Moreover, according to the newspaper, the CIA operation had begun three months earlier, in late December.
"Initially, U.S. officials were so confident that they could persuade Iraqi leaders to surrender that they delayed the start of the war," USA Today reported. "And although those early efforts were largely unsuccessful, the communications have resumed even as U.S. forces carry out air and ground assaults inside Iraq, according to three intelligence and two military officials directly involved in the communications efforts …
"U.S. intelligence officials say they recently recruited a senior member of Saddam's inner circle who is secretly providing them with valuable information on the movements and actions of Iraqi leaders. The same Iraqi official is trying to persuade other members of Saddam's leadership to surrender."
Even Defense Secretary Donald Rumsfeld spoke about the operation in late March. "Is there contact between coalition forces and Iraqi forces? The answer is, most certainly. There has been over the past period of weeks, and those discussions have intensified."
According to press reports at the time, U.S. military and intelligence personnel had established remarkably close contact with Iraq's top military leaders. Said USA Today, "The Americans don't just know these generals' home and office telephone numbers; the CIA, it's been reported, has a robust Rolodex of e-mail addresses, cellphone numbers and other high-tech means to contact both the warriors and their family members."
The Deal
Here, according to an exclusive report in the Lebanese newspaper Sawt al-`Urouba, are the details of what their correspondent Walid Rabbah called "The Deal."

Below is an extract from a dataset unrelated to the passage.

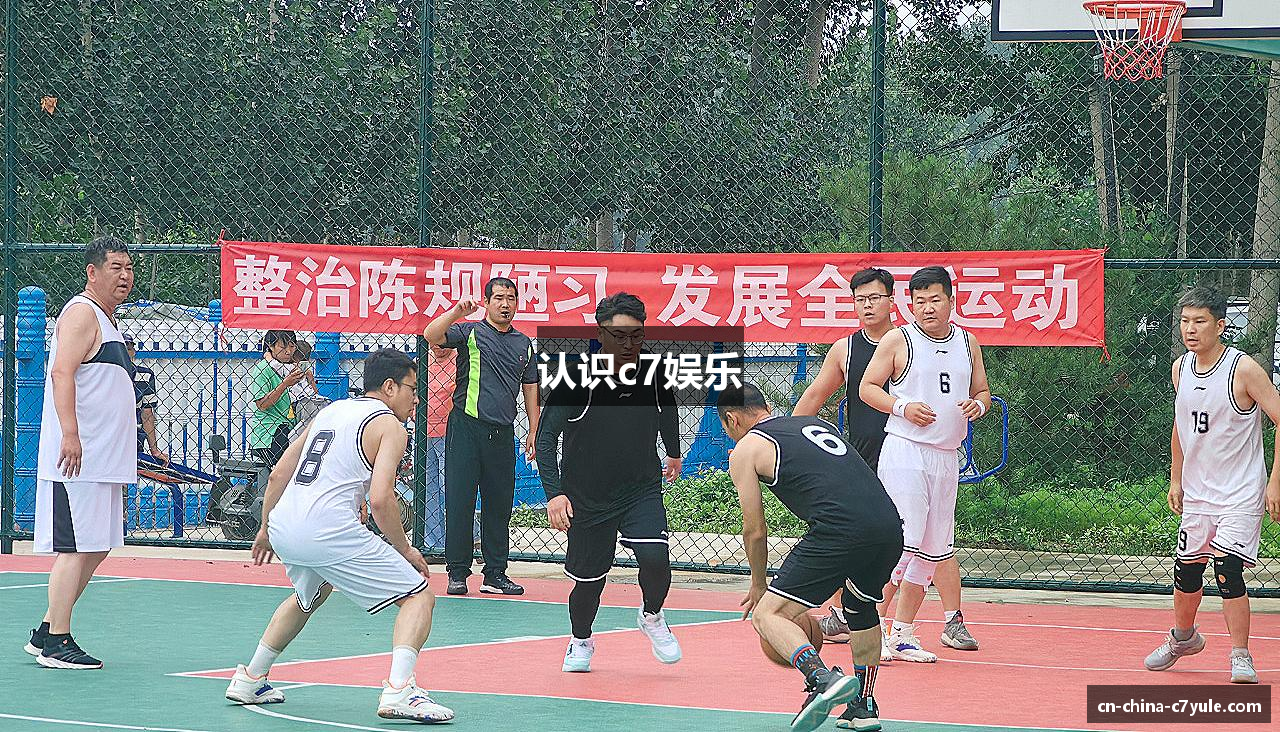 认识c7娱乐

Noting Rumsfeld’s admission that the phone calls were taking place, the paper recalled that three days later the U.S. media played an audiotape on which recorded voices could be heard speaking in Arabic guiding American forces to important bombing targets.

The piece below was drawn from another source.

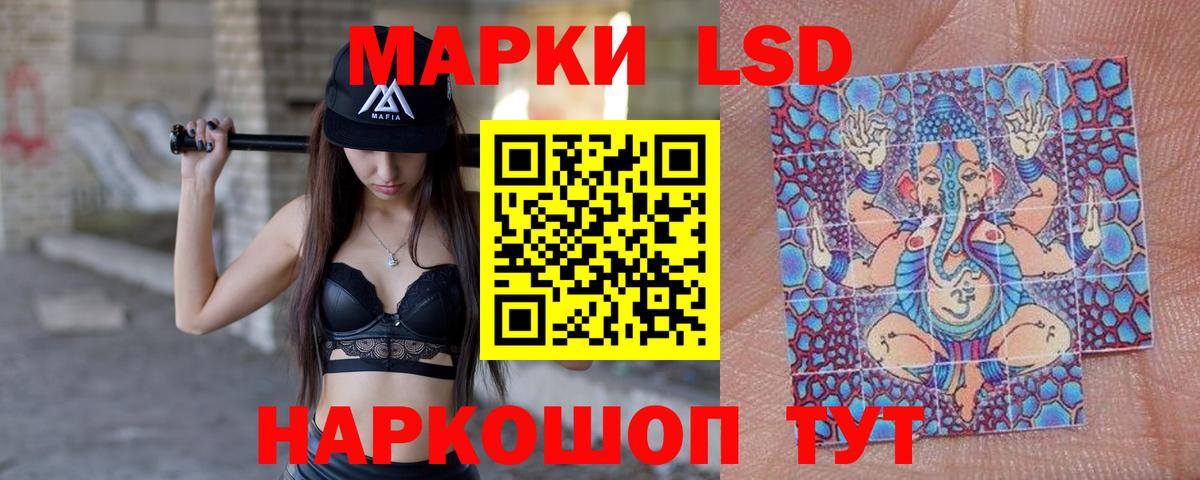 LSD-25 экстази кислота Ефремов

The telemarketing operations increased in intensity after the Republican Guard faced its first encounter with U.S. around Baghdad, after much of their equipment was destroyed. Said the report, U.S. military leaders realized they were facing a force with high military preparedness, one that was well trained and capable of inflicting tremendous casualties on American forces attempting to enter Baghdad.
Thanks to "the Plan," those horrendous casualties were avoided.
Here, according to the paper, are the details of the offer, approved by Rumsfeld, that were made to both the Republican Guard and Saddam's Fedayeen.
In return for ceasing all opposition and laying down their arms, the U.S. was prepared to provide:
Transportation for the Republican Guard's top echelon to secure locations outside Iraq.
Transportation of second-rank Republican Guard leaders to "liberated" places inside Iraq that the coalition forces already controlled.
Money Makes the World Go 'Round
Huge sums of money to the top echelon of the Republican Guard. Second-ranking officers were offered lower, but still sizeable, amounts of cash.
Amnesty to some of the top leaders of the Republican Guard.
Official roles in "liberated" Iraq after the end of the war, to those who had not committed "war crimes," under Saddam’s regime.
U.S. citizenship and residency in the United States to the top commanders and their families, if they so desired.
Creating a "balance" between the Iraqi opposition that will have a limited role in the administration of Iraq on the one hand, and Republican Guard commanders who did not fight the American forces, on the other.
To assure the targets of the operation that the U.S. was serious, the U.S. identified some of its "human shield" assets who were guiding American forces to bombing targets and places where Saddam Hussein and the top Iraqi leadership could be found.
A 'Human Shield' Who Actually Did Some Good
A brief meeting was held between one of the agents serving as a "human shield" and members of the Republican Guard, during which the latter were handed official written documents addressed to the first echelon of the Republican Guard. These reassured Iraqi commanders that the assurances were reliable.
According to these documents:
After the occupation of Saddam International Airport, top Republican Guard officers were to come to the airport to be flown out. If that could not be arranged, an alternate site could be chosen where an Apache helicopter or two could land near Baghdad to take them elsewhere.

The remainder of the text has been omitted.